Hi @bingwang-ms, apologies for pasting the wrong error message containing PG3 and 4, that failure is specific to dualtor-aa and I got confused, and for which I will raise a separate pull request.
This PR was about test continuing to run for PG2 and 6 rather than getting skipped.
Why will the test continue to run for PG2 and 6 in certain cases ( very rare )?
There is a chance that the value of intf here will be an uplink port ( because the order in which the keys is returned is not fixed ). But the test is not written to run with uplink ports.
(Pdb) port_qos_map.keys()
dict_keys(['Ethernet4', 'Ethernet8', 'Ethernet12', 'Ethernet16', 'Ethernet20', 'Ethernet24', 'Ethernet28', 'Ethernet32', 'Ethernet36', 'Ethernet40', 'Ethernet44', 'Ethernet48', 'Ethernet52', 'Ethernet56', 'Ethernet60', 'Ethernet64', 'Ethernet68', 'Ethernet72', 'Ethernet76', 'Ethernet80', 'Ethernet84', 'Ethernet88', 'Ethernet92', 'Ethernet96', 'Ethernet112', 'Ethernet116', 'Ethernet120', 'Ethernet124', 'global'])

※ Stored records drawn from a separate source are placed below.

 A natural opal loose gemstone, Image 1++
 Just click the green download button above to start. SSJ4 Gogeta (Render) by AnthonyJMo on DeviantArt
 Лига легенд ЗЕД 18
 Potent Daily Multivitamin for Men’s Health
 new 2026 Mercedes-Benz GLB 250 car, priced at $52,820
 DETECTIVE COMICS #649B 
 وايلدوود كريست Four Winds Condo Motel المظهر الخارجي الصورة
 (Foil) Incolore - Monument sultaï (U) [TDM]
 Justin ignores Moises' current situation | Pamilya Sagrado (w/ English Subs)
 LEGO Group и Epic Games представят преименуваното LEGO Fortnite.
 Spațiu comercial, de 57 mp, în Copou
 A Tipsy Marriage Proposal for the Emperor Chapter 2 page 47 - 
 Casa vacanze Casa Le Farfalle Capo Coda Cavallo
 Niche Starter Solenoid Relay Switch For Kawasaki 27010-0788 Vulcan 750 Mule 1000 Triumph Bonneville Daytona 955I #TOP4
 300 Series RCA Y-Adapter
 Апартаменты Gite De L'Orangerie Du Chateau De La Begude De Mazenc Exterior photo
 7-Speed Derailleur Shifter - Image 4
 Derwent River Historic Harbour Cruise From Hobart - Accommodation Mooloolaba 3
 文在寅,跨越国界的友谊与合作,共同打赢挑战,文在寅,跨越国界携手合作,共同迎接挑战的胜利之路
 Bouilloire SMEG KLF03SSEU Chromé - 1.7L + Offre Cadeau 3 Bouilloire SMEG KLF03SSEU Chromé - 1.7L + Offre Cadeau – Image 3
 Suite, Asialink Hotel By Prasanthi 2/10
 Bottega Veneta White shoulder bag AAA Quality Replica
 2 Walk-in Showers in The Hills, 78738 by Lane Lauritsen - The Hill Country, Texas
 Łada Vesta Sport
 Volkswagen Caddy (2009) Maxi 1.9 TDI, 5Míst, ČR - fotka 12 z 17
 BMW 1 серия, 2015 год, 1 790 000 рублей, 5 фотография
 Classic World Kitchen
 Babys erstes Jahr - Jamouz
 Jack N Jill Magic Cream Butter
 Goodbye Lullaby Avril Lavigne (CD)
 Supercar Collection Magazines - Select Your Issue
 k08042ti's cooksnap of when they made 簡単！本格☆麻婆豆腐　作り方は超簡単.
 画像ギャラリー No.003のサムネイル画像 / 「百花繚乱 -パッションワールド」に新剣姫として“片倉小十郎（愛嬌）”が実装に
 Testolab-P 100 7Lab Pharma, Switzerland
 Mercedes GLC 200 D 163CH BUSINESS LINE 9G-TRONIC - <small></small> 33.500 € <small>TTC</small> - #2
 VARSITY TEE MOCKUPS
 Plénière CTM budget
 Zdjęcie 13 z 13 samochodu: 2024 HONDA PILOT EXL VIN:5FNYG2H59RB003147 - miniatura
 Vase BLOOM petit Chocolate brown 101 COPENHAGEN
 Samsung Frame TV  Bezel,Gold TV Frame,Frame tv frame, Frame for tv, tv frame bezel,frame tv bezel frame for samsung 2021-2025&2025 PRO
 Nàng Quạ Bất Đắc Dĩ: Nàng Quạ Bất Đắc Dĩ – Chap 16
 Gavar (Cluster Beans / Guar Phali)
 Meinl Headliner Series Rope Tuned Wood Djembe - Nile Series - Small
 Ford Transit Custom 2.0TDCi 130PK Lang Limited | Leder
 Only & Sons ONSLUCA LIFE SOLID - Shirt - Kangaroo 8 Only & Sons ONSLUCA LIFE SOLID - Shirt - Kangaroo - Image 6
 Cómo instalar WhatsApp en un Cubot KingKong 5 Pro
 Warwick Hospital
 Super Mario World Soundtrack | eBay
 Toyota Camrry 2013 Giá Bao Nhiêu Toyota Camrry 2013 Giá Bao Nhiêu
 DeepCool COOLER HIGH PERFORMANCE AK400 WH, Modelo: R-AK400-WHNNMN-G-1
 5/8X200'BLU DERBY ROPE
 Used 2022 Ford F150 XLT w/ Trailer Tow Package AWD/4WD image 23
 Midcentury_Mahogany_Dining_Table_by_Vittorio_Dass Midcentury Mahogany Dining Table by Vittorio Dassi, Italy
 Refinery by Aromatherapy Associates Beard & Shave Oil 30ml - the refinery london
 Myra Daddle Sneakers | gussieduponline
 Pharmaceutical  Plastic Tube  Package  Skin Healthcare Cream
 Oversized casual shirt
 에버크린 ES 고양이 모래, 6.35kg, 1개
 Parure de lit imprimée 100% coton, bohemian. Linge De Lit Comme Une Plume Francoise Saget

Next there is a chance here that value of profile becomes AZURE_TUNNEL or AZURE_UPLINK ( because again the order in which the keys are returned is not fixed and these maps are not applicable to downlink ports )
(Pdb) prio_to_tc_map.keys()
dict_keys(['AZURE', 'AZURE_TUNNEL', 'AZURE_UPLINK'])
So with the wrong combination of interface and DSCP_TO_TC_MAP the test will continue to run for PG 2 and 6 for dualtor. as this condition doesn't evaluate to true in that case: https://github.com/sonic-net/sonic-mgmt/blob/master/tests/qos/test_pfc_pause.py#L316-L317 because wrong map was used to find DSCP for the PG.
The fix in this PR retrieves a downlink port and then later retrieves the list exact DSCP_TO_TC_MAP applied on that interface because the src and destination interfaces in this test are downlink ports and getting selected here: https://github.com/sonic-net/sonic-mgmt/blob/master/tests/qos/test_pfc_pause.py#L70-L74
However, the test still passes if it continues to to run for PG2 and 6 for dualtor/dualtor-aa which is not correct as the lossless PGs are only 2 and 6 for dualtor downlink ports.
@StormLiangMS can we backport this to 202311 as well?